Para um trabalhador que recebe um salário mínimo e precisa realizar o deslocamento diário (ida e volta), o custo mensal com transporte ultrapassa os R$ 330,00 (considerando 22 dias úteis). Isso representa cerca de 20% a 25% da renda bruta, sem contar os gastos extras com alimentação e moradia.

A equipe de reportagem buscou contato com a Prefeitura de Ribeirão das Neves para questionar se houve algum estudo de impacto social antes do reajuste, mas não obtivemos respostas.

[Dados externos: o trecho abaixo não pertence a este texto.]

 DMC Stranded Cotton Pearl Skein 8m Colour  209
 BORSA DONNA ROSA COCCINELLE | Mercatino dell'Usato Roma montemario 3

Com o valor de R$ 7,50, Ribeirão das Neves supera capitais como São Paulo, Rio de Janeiro e Curitiba, que possuem redes de transporte mais integradas e modais variados (metrô e trens). A precariedade das frotas e o tempo médio de viagem — que pode chegar a duas horas nos horários de pico — tornam o custo-benefício da tarifa um dos piores da Região Metropolitana de Belo Horizonte (RMBH).

Em Belo Horizonte, por exemplo, a passagem é R$ 5,25, em São Paulo, R$ 4,40 e no Rio de Janeiro, R$ 4,30.

As concessionárias de transporte alegam que o aumento é necessário para cobrir a alta do diesel, a inflação acumulada e os custos de manutenção da frota. No entanto, para os moradores de Neves, a justificativa não se traduz em melhoria na prestação do serviço.

Enquanto o poder público silencia e os preços sobem, a população de Ribeirão das Neves segue encurralada entre a necessidade de locomoção e a impossibilidade financeira de arcar com o direito básico de ir e vir.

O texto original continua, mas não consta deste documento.